There are others better qualified than I am to write and speak intelligently and knowledgeably about Gunter Hampel, his music, and his significance for the German and American jazz scenes. I can only write a little about my personal experiences with a man who was one of the fathers- if not the father- of German free jazz, and whom I greatly admired as a young musician in the late ’60s and early ’70s, and even later.
Our first encounter was in Moers at the Röhre; there I approached him and asked if he would have a little time the next day to give me some advice. Admittedly, I hardly understood anything he told me about music. “Be curious, follow your own path, and stay positive.”

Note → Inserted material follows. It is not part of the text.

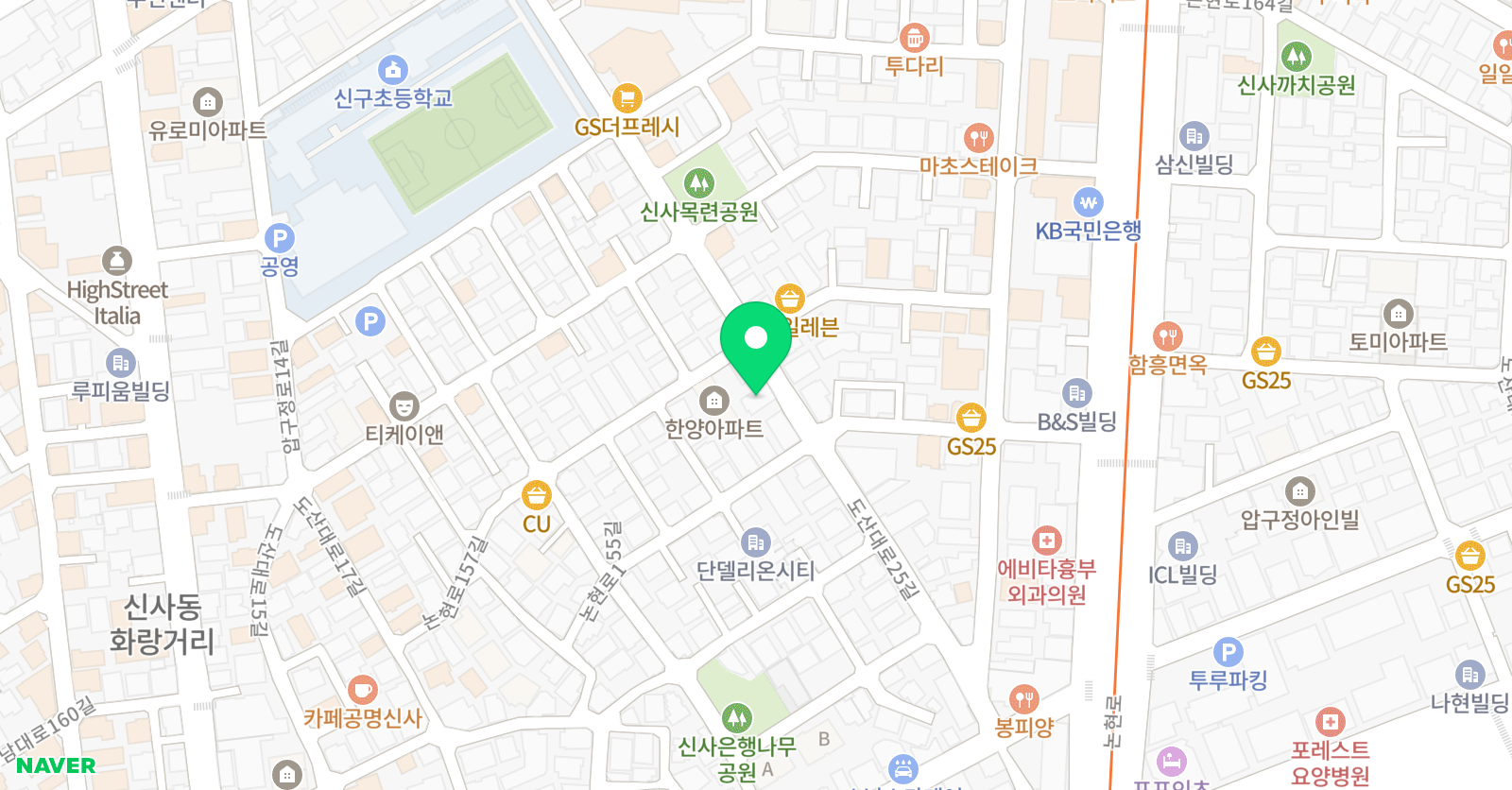 이데아 해외교육 위치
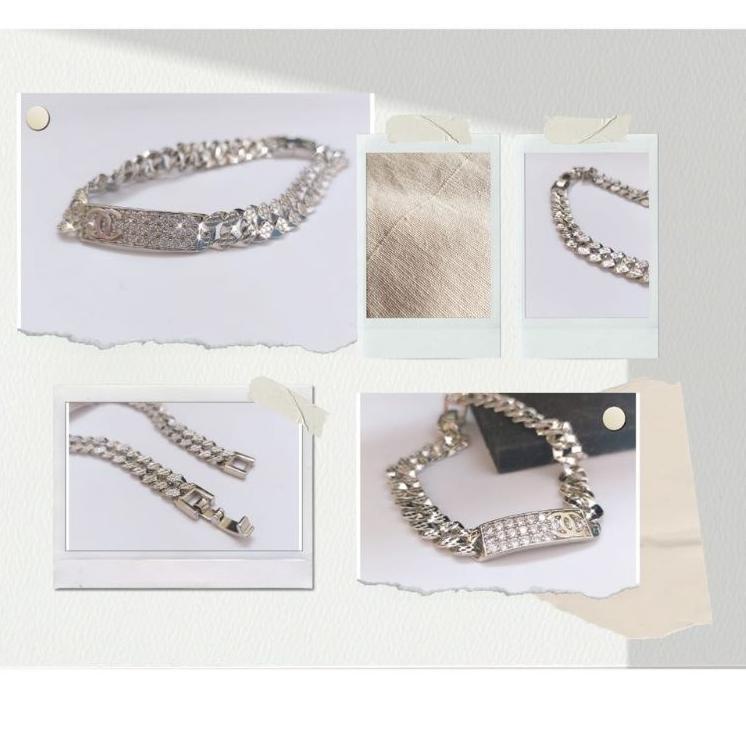 (BEST SELLER) gelang rantai wanita Chanel anti karat tidak luntur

I ran into him again in 1970 in New York (I was working in West Virginia for a German mining supply company and had gone there for a weekend to visit my first flute teacher) while taking a walk through the city; there he was, standing on a street corner, playing his bass clarinet. From 1972 to 1977, I lived in Cologne above the Päff jazz club on Friesenwall, where he performed with his Galaxy Dream Band. Unfortunately, we hardly had any contact—the band had their backstage area in my rehearsal space under the Päff, the atmosphere wasn’t great, and there were a lot of drugs going around.
When I started a regular program at the LOFT in 1989, he was actually the first “well-known” jazz musician to play with us in June 1990 (in a duo with Matthias Schubert).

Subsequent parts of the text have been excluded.